CUIDAO HOLDING CORP.
1997 DIRECTORS' STOCK OPTION PLAN
1. Purposes of the Plan. The purposes of this Directors' Stock Option Plan are to attract and retain the best available personnel for service as Directors of the Company, to provide additional incentive to the Outside Directors of the Company to serve as Directors, and to encourage their continued service on the Board.
All options granted hereunder shall be "nonstatutory stock options".
2. Definitions. As used herein, the following definitions shall apply:
(a) "Board" means the Board of Directors of the Company.
(b) "Code" means the Internal Revenue Code of 1986, as amended.
(c) "Common Stock" means the Common Stock of the Company.
(d) "Company" means Cuidao Holding Corp., a Florida corporation.
(e) "Continuous Status as a Director" means the absence of any interruption or termination of service as a Director.

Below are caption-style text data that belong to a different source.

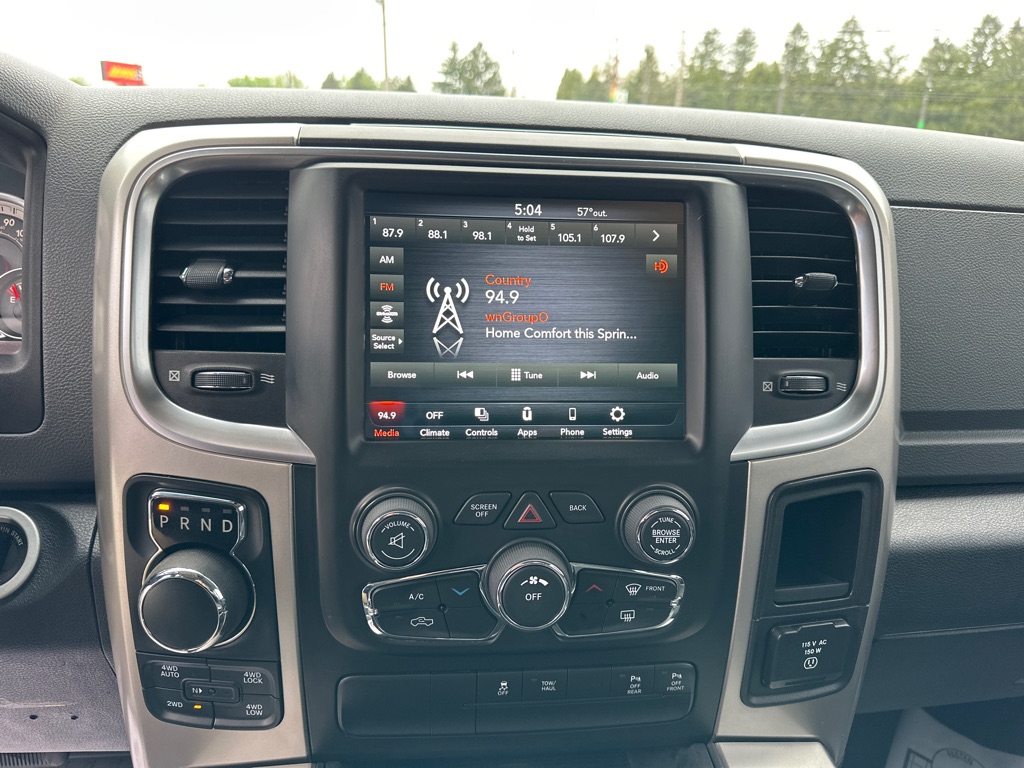 2018 RAM Ram 1500 Pickup Big Horn - Photo 16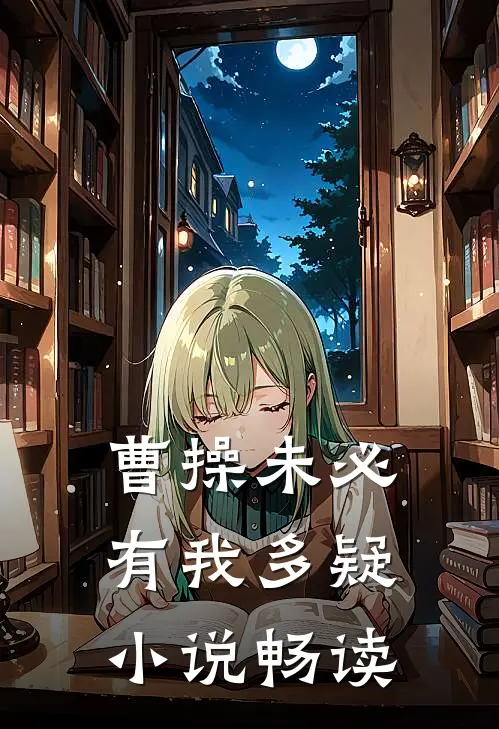 曹操未必有我多疑小说畅读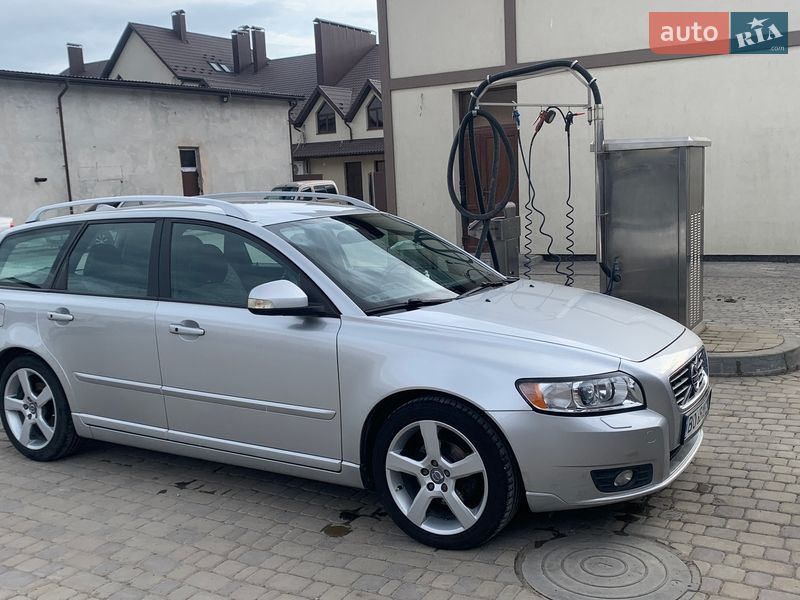 Универсал Volvo V50 2011 в Тернополе фото 5 Универсал Volvo V50 2011 в Тернополе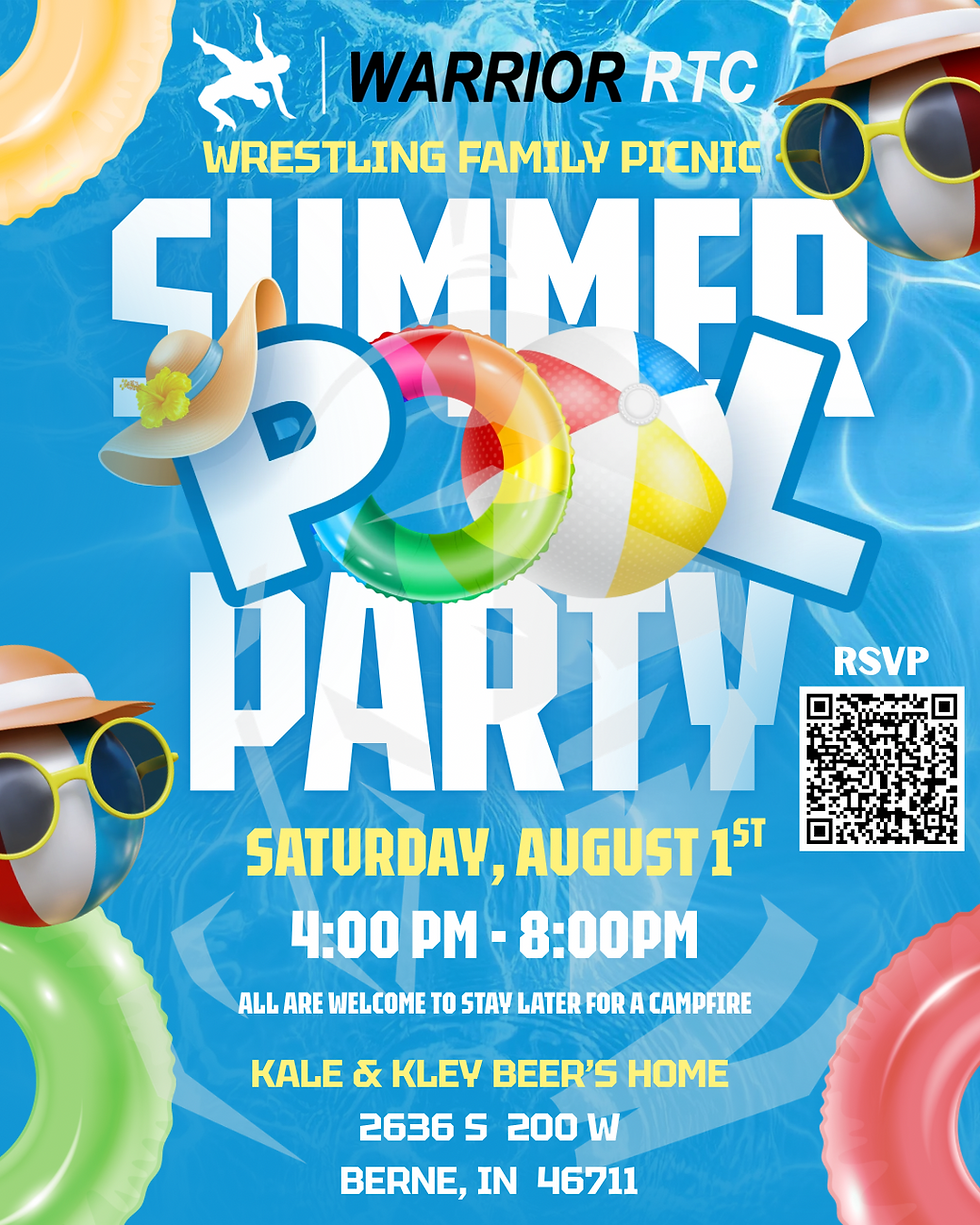 Summer Picnic & Pool Party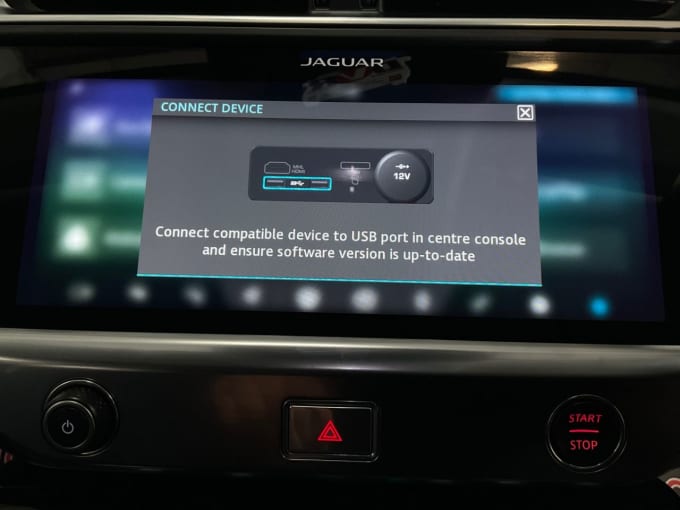 2025 Jaguar I-pace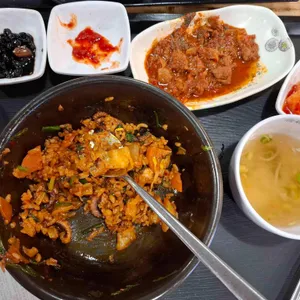 한옥마을전주솥밥 사진
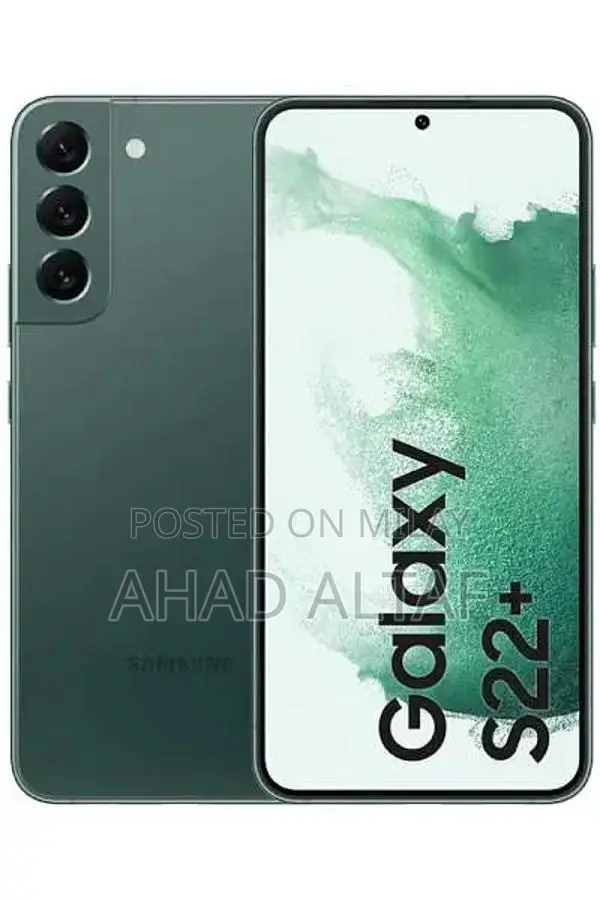 Samsung S22 Plus 8/256 dual sim Snapdragon 8gen 1 Mint condition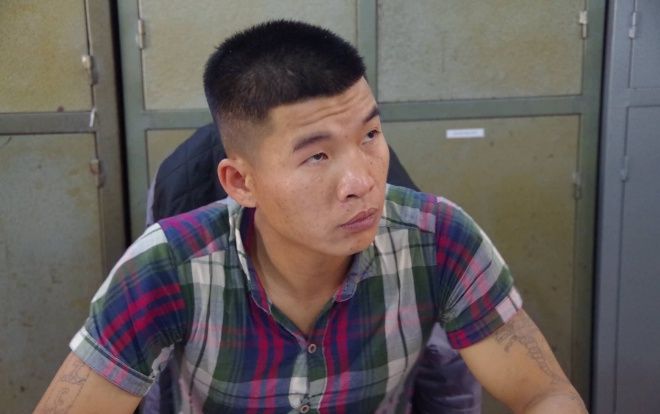 Chồng sát hại vợ tại nhà riêng sau cuộc cãi vã rồi ra công an đầu thú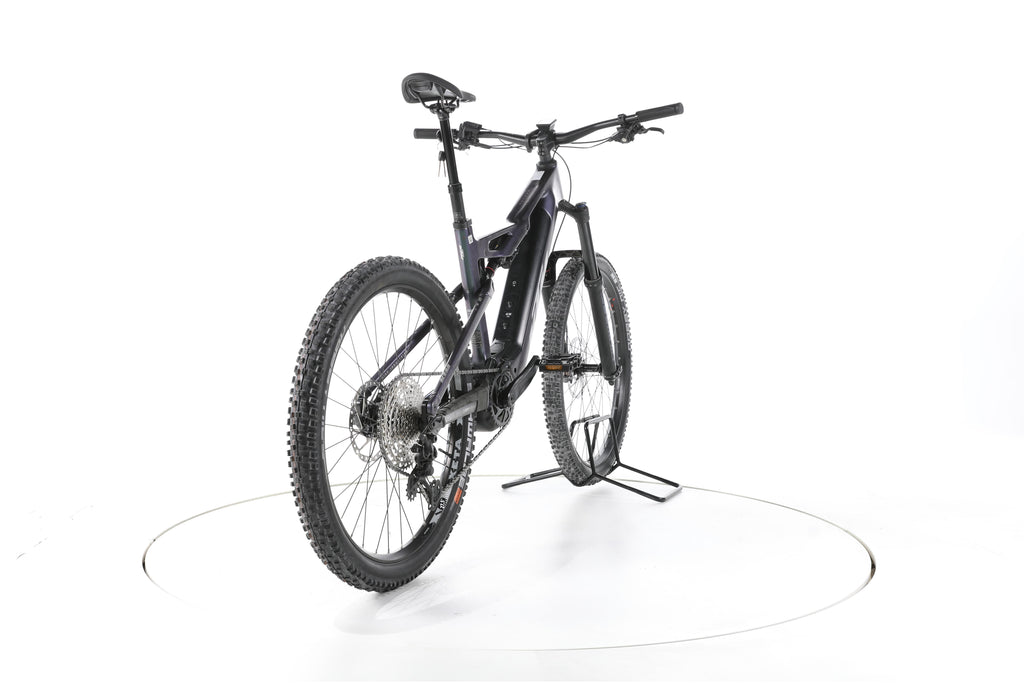 KTM MACINA PROWLER MASTER Fully E-Bike - Image 11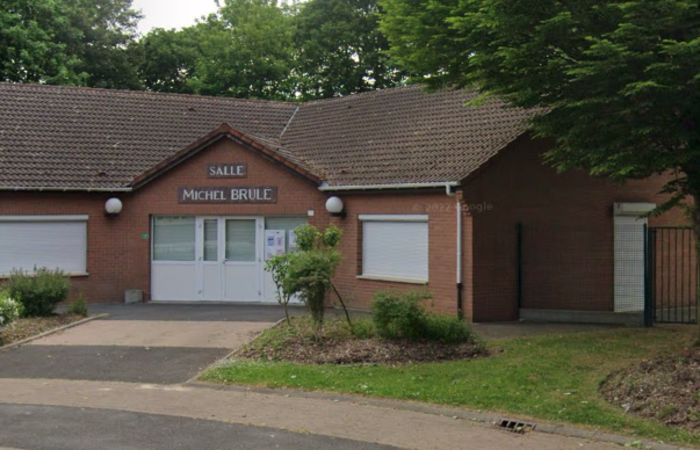 Salle Michel Brûlé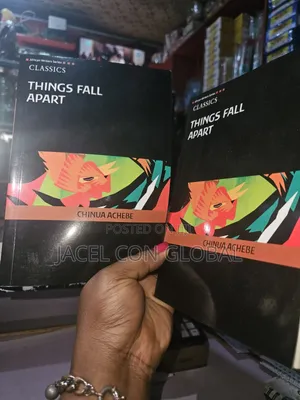 Things Fall Apart [ Novel Book ]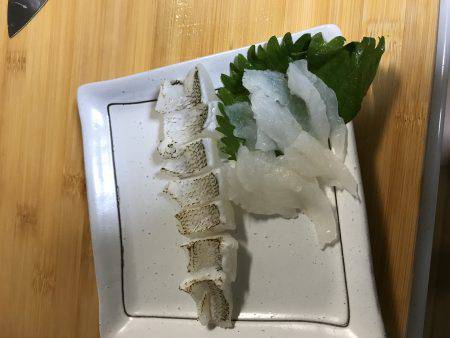 お盆釣行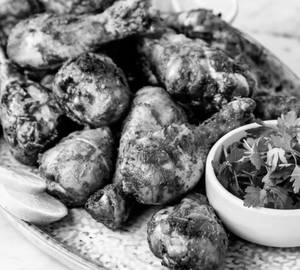 Tandoori Chicken Drumsticks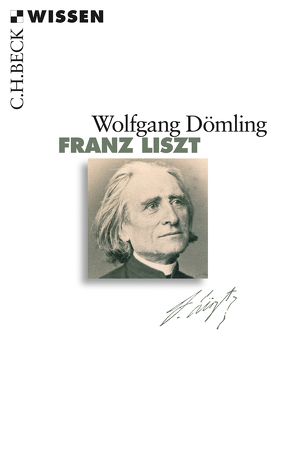 Franz Liszt von Dömling,  Wolfgang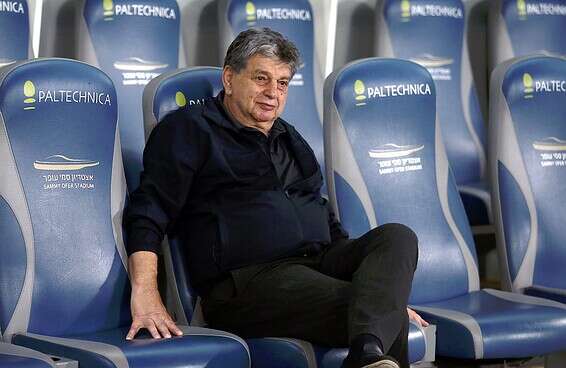 שום. "השחקנים אחראים למצב" // צילום: אלן שיבר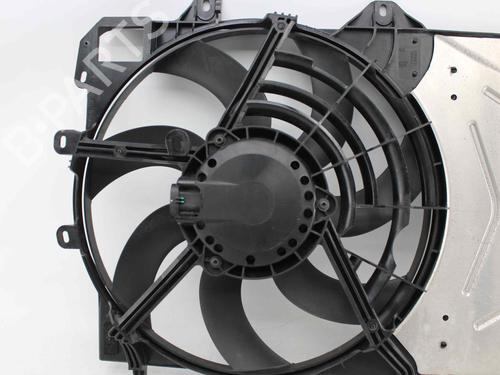 Radiator fan CITROËN C4 CACTUS 1.6 HDi 90 | BP39756885M35 - Image 5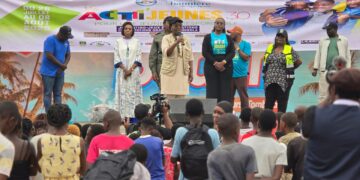 Jeunesse et lutte contre les addictions : Acti’Jeunes 3.0 boucle sa première étape dans le Grand Libreville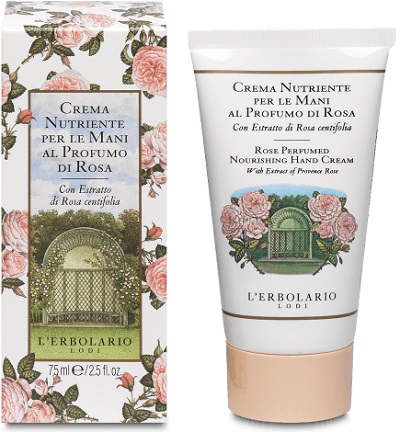 ROSA CREMA NUTRIENTE PER MANI 75 ML - Farmacia Murachelli Di Putelli dr. Giovanni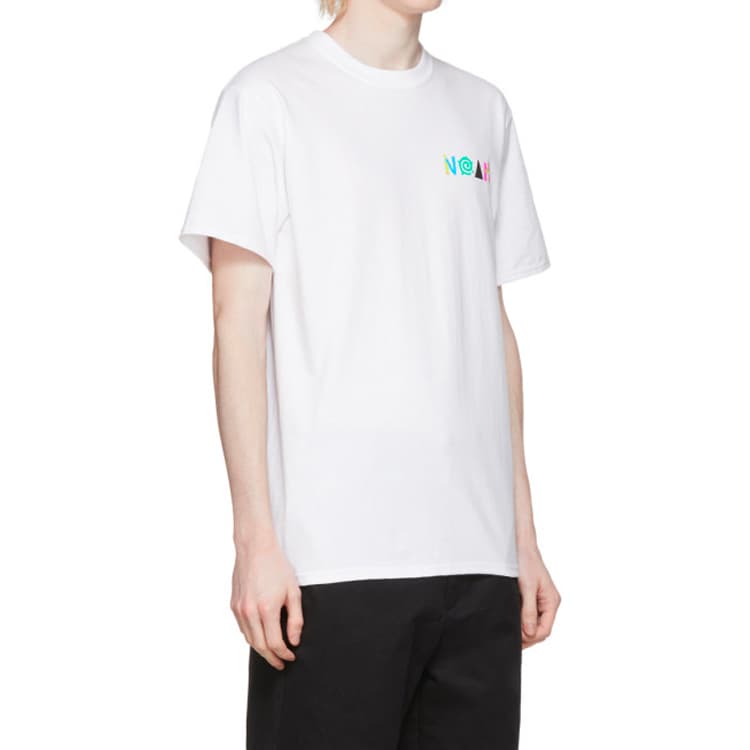 Футболка NOAH NYC More Core Tee LogoT - изображение 5
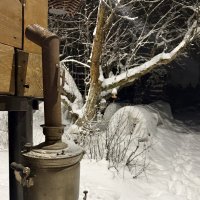 Застылый чай… :: Любовь 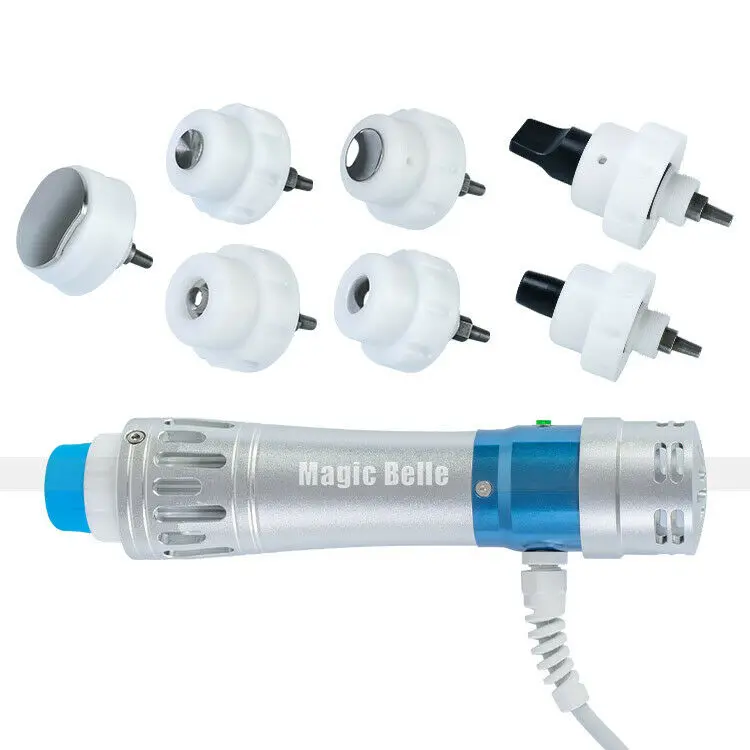 Хост Разъемный двухслойный ESWT электромагнитный экстракорпоральный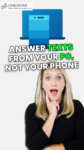 Stay Productive by Controlling Your Android Phone From Windows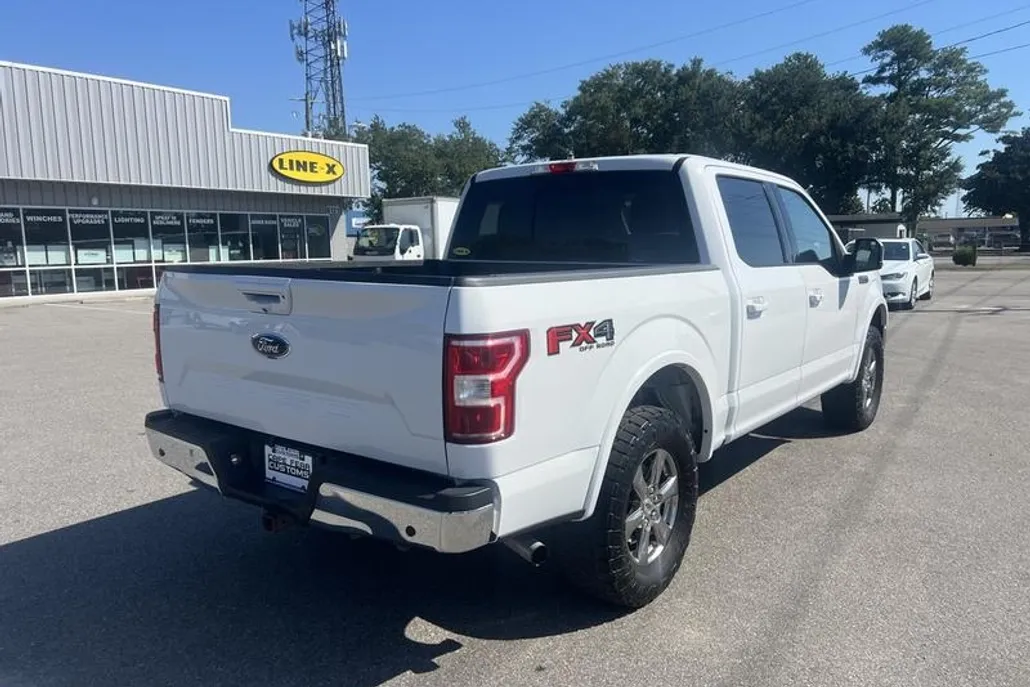 2019 Ford F-150 Lariat photo 1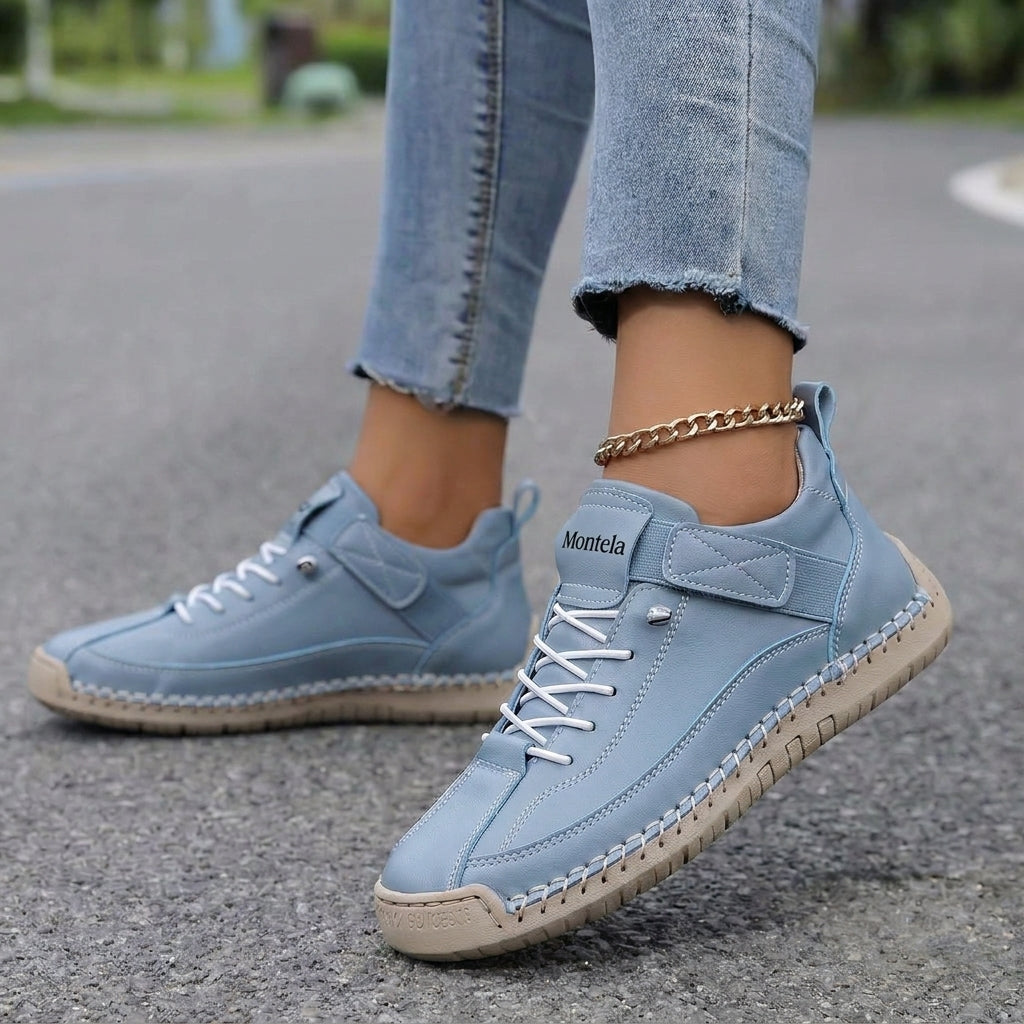 Montela | Zapatillas Ortopédicas Cómodas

(f) "Director" means a member of the Board.
(g) "Employee" means any person, including officers and directors, employed by the Company or any Parent or Subsidiary of the Company. The payment of a director's fee by the Company shall not be sufficient to constitute "employment" by the Company.
(h) "Exchange Act" means the Securities Exchange Act of 1934, as amended.
(i) "Option" means a stock option granted pursuant to the Plan. All options shall be nonstatutory stock options (i.e., options that are not intended to qualify as incentive stock options under Section 422 of the Code).
(j) "Optioned Stock" means the Common Stock subject to an Option.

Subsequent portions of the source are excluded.